# YOUR GOAL
Set down the data again word for word. Skip any pictures.

# THE DATA
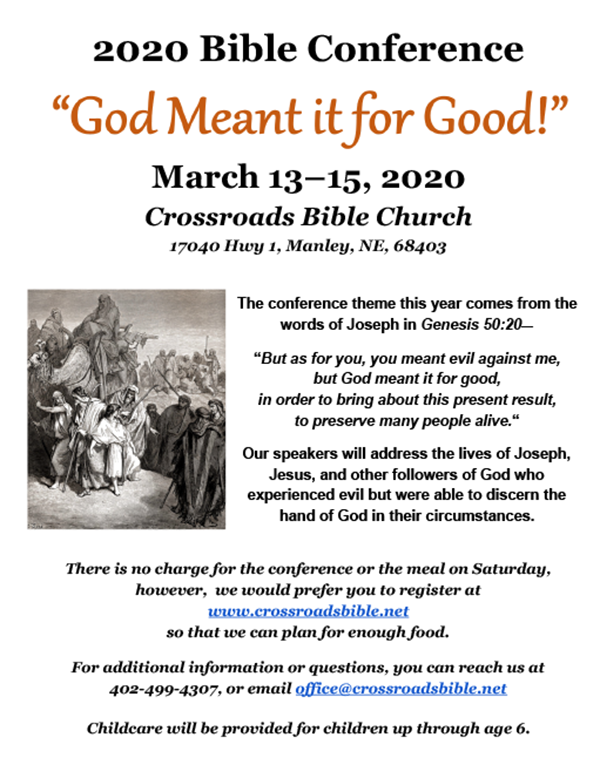 Bible Conference Flyer 1 1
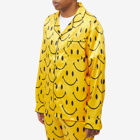 MARKET Men's Smiley Pyjama Set in Yellow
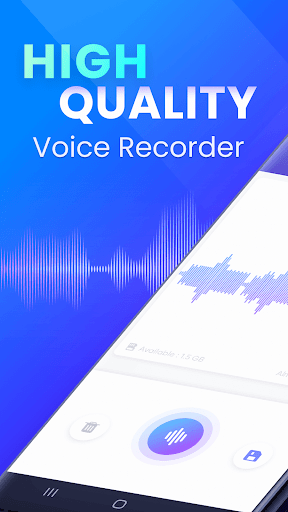 Android application Voice Recorder screenshort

# ANSWER BOX
 Bible Conference Flyer 1 1
 MARKET Men's Smiley Pyjama Set in Yellow
 Android application Voice Recorder screenshort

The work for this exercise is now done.